*Available data*
════

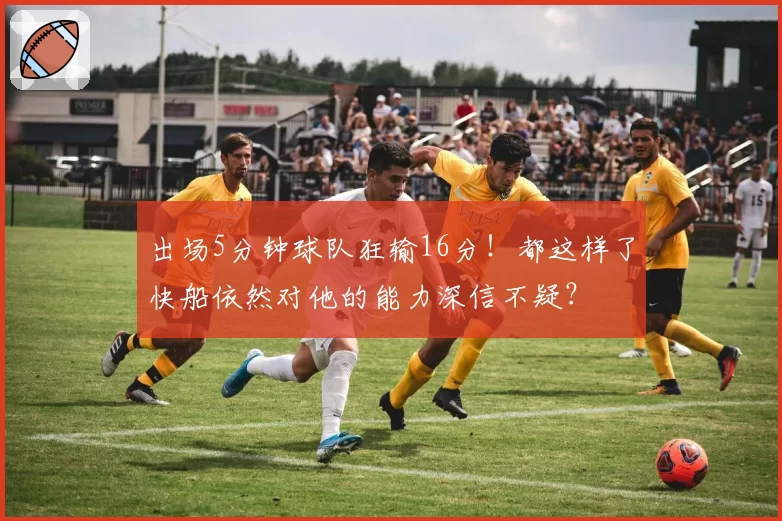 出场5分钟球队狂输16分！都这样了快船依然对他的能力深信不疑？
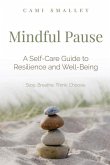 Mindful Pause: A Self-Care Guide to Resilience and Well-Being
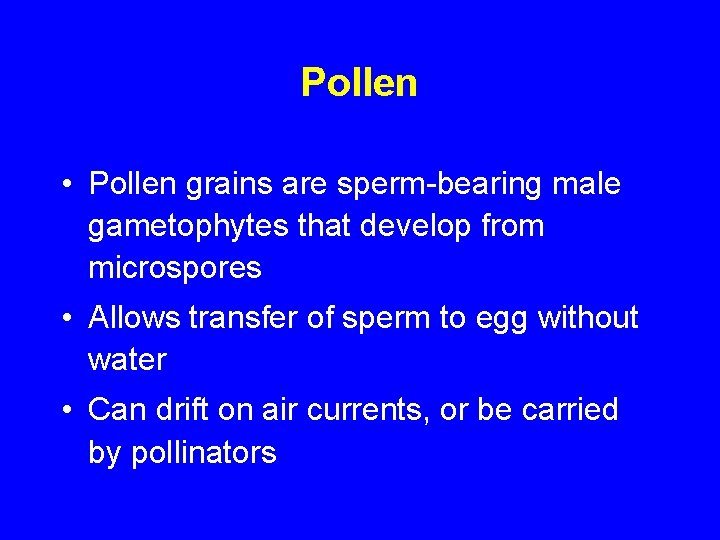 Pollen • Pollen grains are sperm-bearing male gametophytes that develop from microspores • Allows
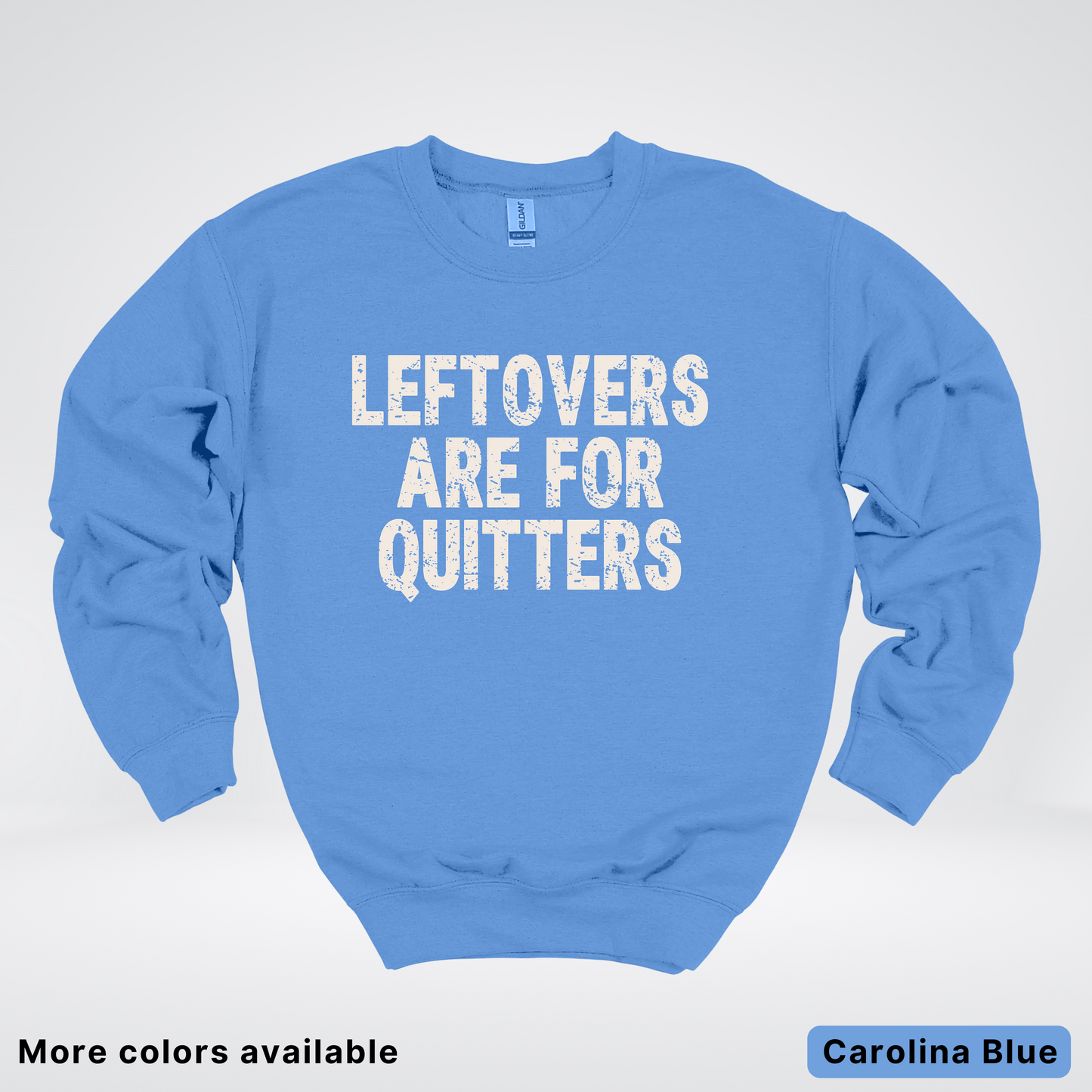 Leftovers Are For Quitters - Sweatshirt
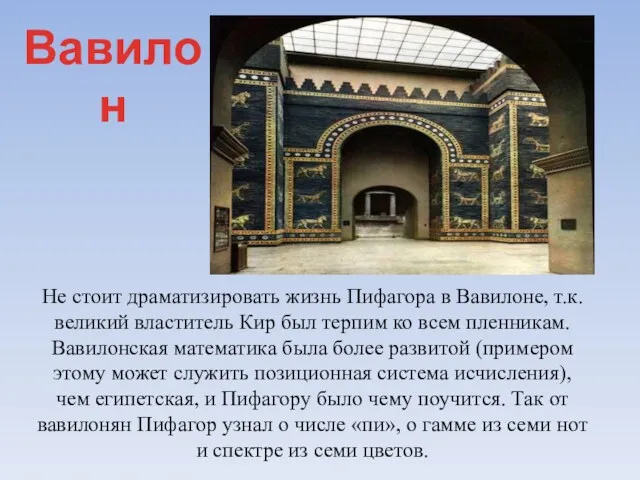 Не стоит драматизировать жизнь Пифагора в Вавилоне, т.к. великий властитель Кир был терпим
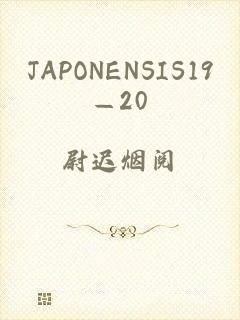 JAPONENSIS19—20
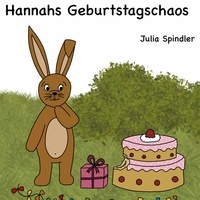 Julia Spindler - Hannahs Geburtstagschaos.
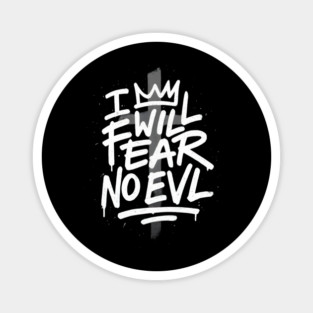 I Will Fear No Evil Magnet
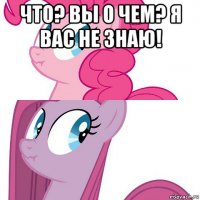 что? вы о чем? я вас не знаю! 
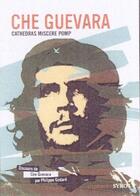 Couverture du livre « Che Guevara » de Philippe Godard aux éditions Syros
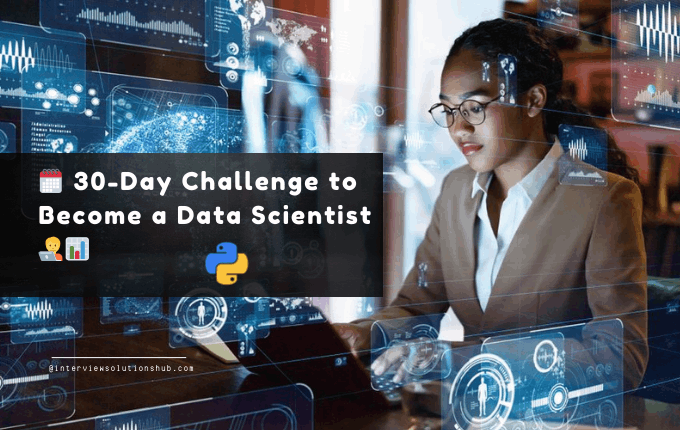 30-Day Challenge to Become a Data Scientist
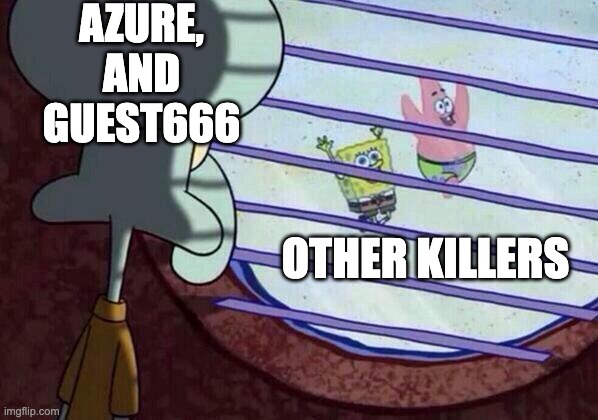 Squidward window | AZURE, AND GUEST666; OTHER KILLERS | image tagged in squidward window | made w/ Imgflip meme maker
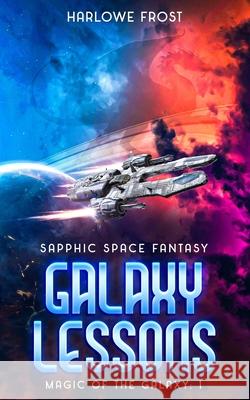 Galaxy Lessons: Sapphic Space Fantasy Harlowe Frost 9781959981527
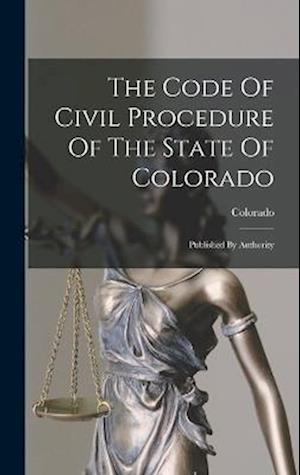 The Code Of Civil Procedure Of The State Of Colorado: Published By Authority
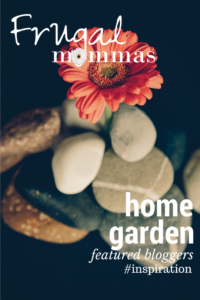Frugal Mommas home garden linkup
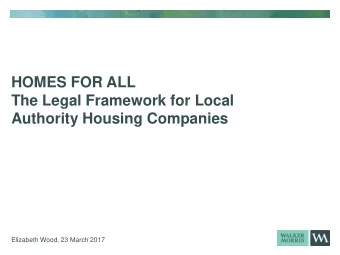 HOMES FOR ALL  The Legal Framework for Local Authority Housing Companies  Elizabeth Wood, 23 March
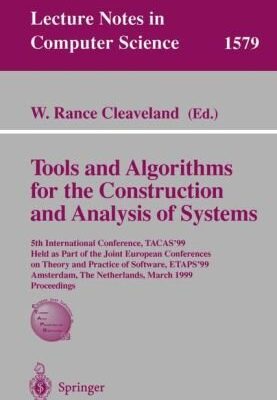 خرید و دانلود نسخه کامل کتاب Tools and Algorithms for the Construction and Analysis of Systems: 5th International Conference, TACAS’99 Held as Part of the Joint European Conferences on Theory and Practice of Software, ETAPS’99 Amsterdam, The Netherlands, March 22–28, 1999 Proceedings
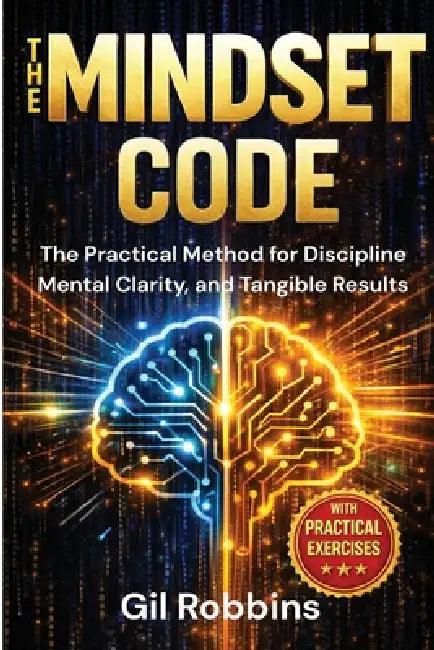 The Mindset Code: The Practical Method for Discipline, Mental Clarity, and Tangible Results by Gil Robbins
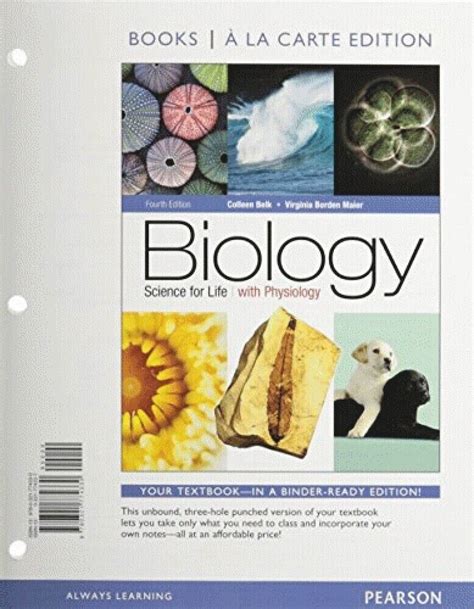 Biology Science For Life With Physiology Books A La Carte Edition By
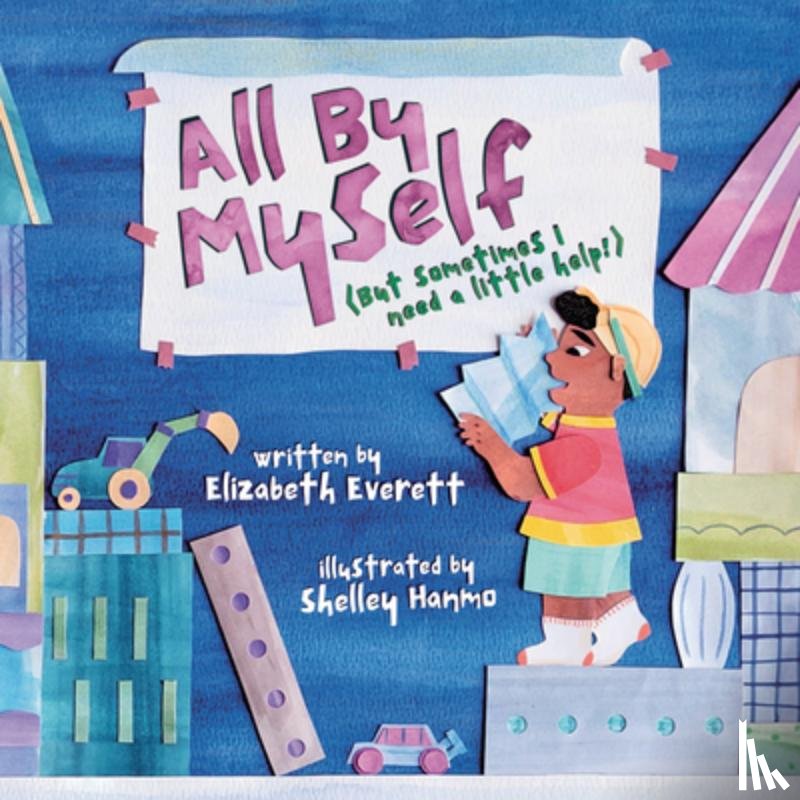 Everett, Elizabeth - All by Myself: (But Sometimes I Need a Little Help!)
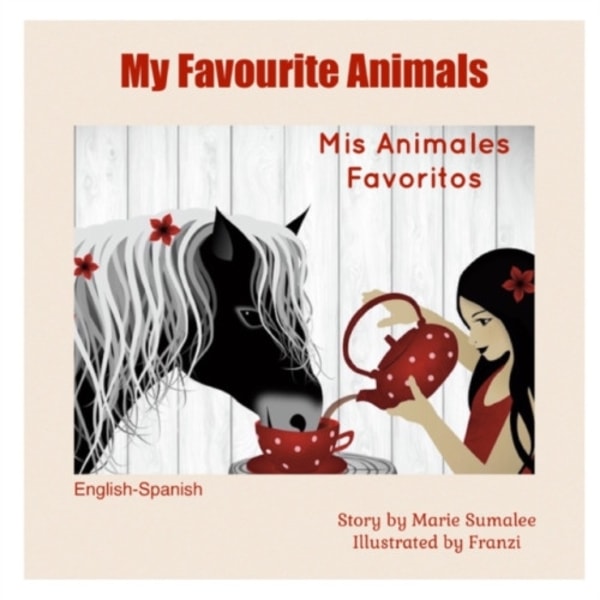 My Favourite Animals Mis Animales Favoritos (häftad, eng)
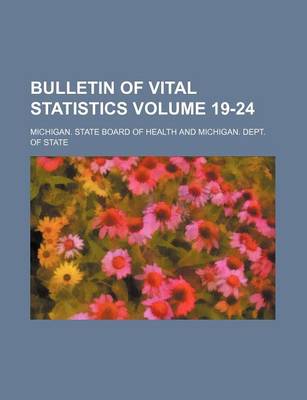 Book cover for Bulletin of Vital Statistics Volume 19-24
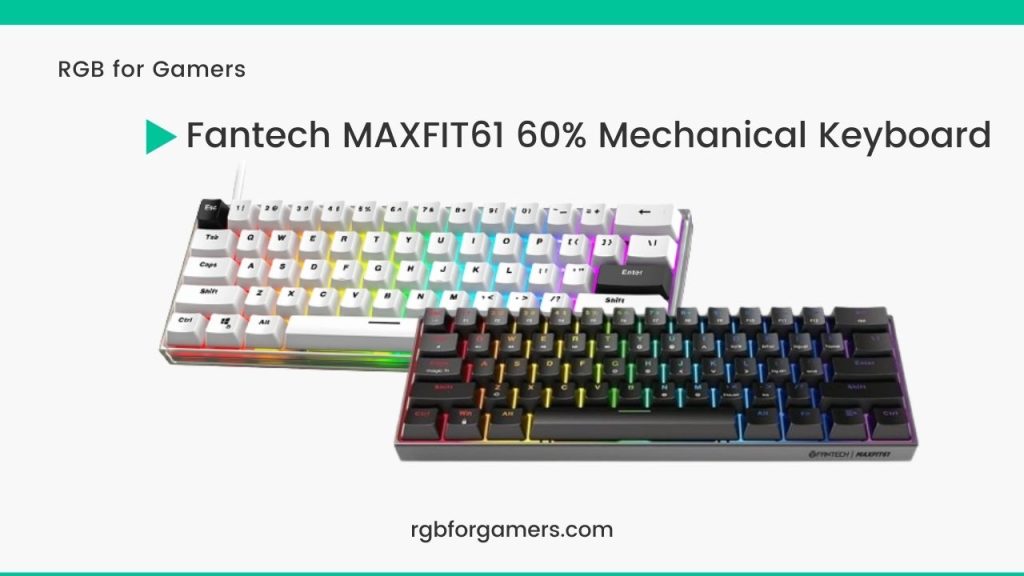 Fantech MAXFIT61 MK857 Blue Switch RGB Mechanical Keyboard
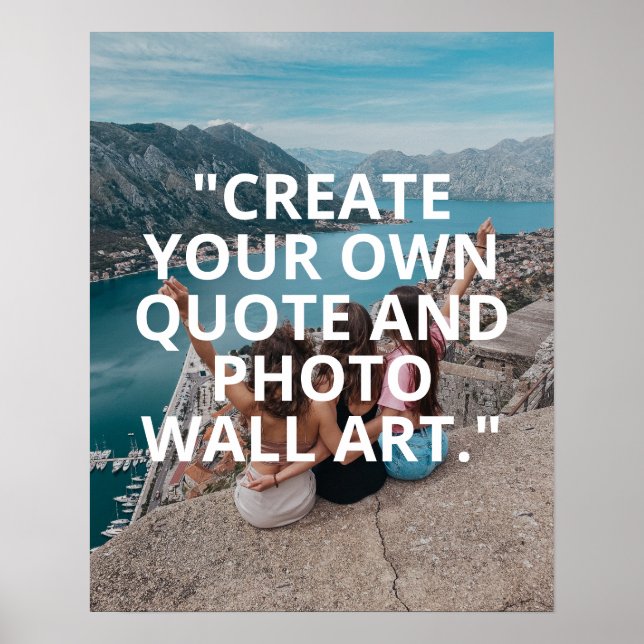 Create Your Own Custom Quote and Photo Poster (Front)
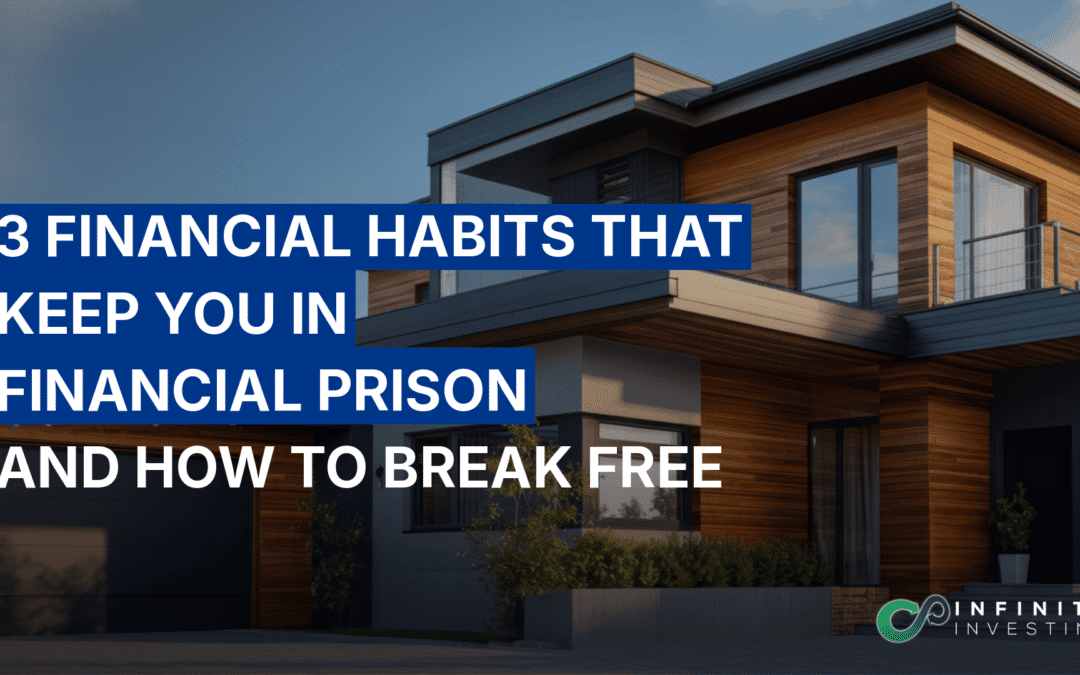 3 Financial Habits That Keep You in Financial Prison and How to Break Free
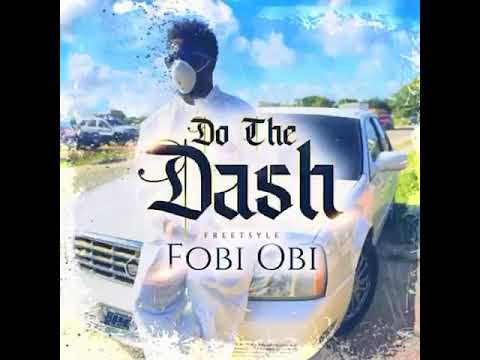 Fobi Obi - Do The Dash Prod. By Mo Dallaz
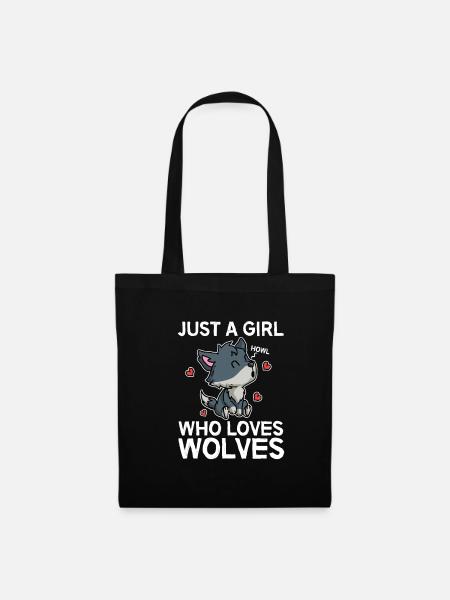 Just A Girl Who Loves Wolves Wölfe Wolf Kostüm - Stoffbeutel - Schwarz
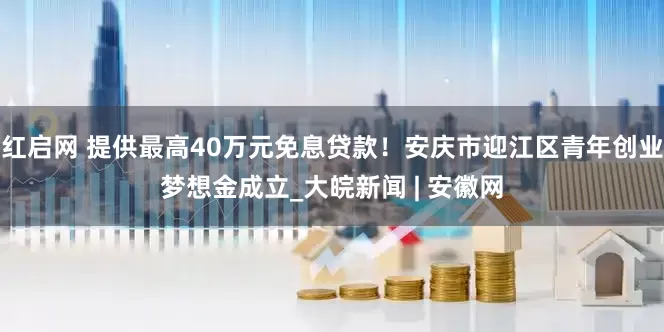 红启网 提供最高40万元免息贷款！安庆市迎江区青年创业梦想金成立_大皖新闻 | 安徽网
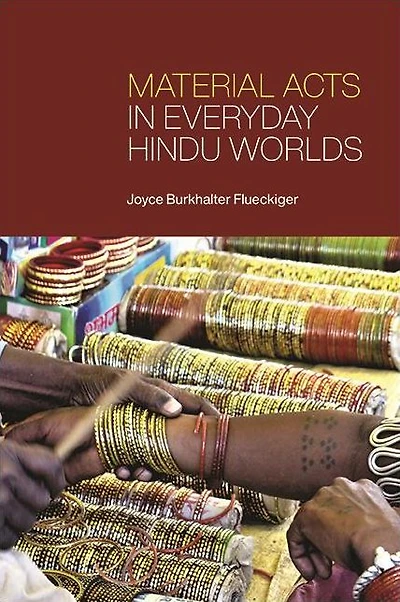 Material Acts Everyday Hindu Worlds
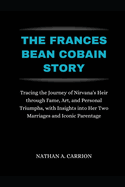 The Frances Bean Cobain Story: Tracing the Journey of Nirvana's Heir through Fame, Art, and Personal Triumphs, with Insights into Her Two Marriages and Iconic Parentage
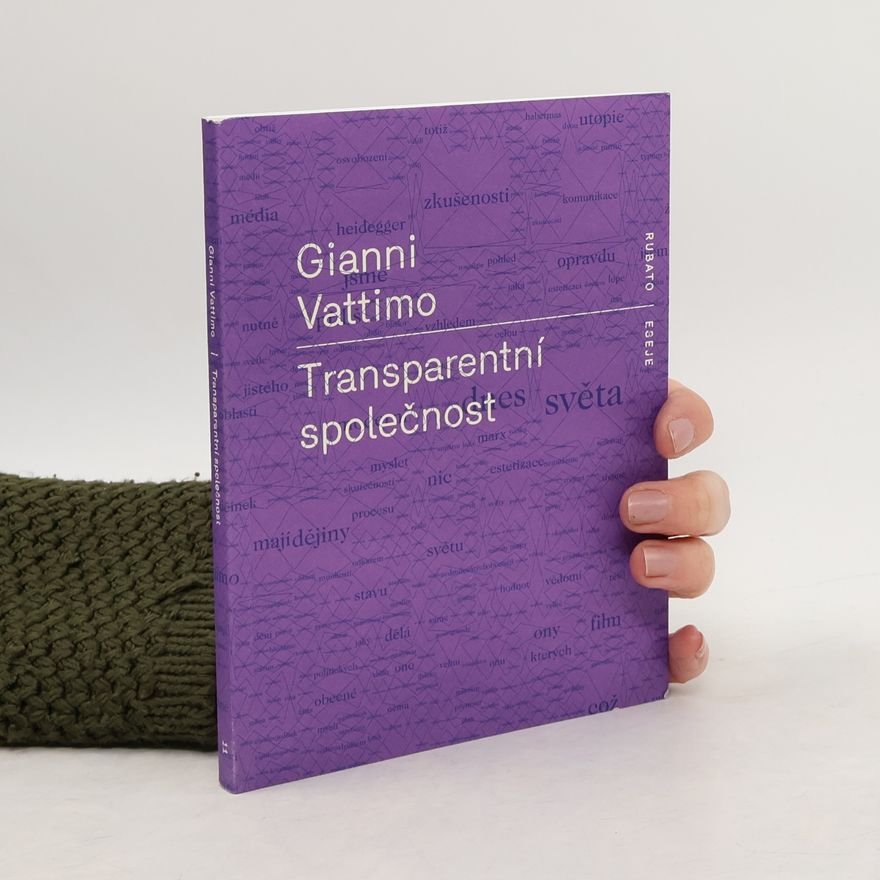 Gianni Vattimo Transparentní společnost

════

*Exercise*
Please repeat all of the entries above word for word, but drop any pictures.

*Reply*
 出场5分钟球队狂输16分！都这样了快船依然对他的能力深信不疑？
 Mindful Pause: A Self-Care Guide to Resilience and Well-Being
 Pollen • Pollen grains are sperm-bearing male gametophytes that develop from microspores • Allows
 Leftovers Are For Quitters - Sweatshirt
 Не стоит драматизировать жизнь Пифагора в Вавилоне, т.к. великий властитель Кир был терпим
 JAPONENSIS19—20
 Julia Spindler - Hannahs Geburtstagschaos.
 I Will Fear No Evil Magnet
 что? вы о чем? я вас не знаю! 
 Couverture du livre « Che Guevara » de Philippe Godard aux éditions Syros
 30-Day Challenge to Become a Data Scientist
 Squidward window | AZURE, AND GUEST666; OTHER KILLERS | image tagged in squidward window | made w/ Imgflip meme maker
 Galaxy Lessons: Sapphic Space Fantasy Harlowe Frost 9781959981527
 The Code Of Civil Procedure Of The State Of Colorado: Published By Authority
Frugal Mommas home garden linkup
 HOMES FOR ALL  The Legal Framework for Local Authority Housing Companies  Elizabeth Wood, 23 March
 خرید و دانلود نسخه کامل کتاب Tools and Algorithms for the Construction and Analysis of Systems: 5th International Conference, TACAS’99 Held as Part of the Joint European Conferences on Theory and Practice of Software, ETAPS’99 Amsterdam, The Netherlands, March 22–28, 1999 Proceedings
 The Mindset Code: The Practical Method for Discipline, Mental Clarity, and Tangible Results by Gil Robbins
 Biology Science For Life With Physiology Books A La Carte Edition By
 Everett, Elizabeth - All by Myself: (But Sometimes I Need a Little Help!)
 My Favourite Animals Mis Animales Favoritos (häftad, eng)
 Book cover for Bulletin of Vital Statistics Volume 19-24
 Fantech MAXFIT61 MK857 Blue Switch RGB Mechanical Keyboard
 Create Your Own Custom Quote and Photo Poster (Front)
 3 Financial Habits That Keep You in Financial Prison and How to Break Free
 Fobi Obi - Do The Dash Prod. By Mo Dallaz
 Just A Girl Who Loves Wolves Wölfe Wolf Kostüm - Stoffbeutel - Schwarz
 红启网 提供最高40万元免息贷款！安庆市迎江区青年创业梦想金成立_大皖新闻 | 安徽网
 Material Acts Everyday Hindu Worlds
 The Frances Bean Cobain Story: Tracing the Journey of Nirvana's Heir through Fame, Art, and Personal Triumphs, with Insights into Her Two Marriages and Iconic Parentage
 Gianni Vattimo Transparentní společnost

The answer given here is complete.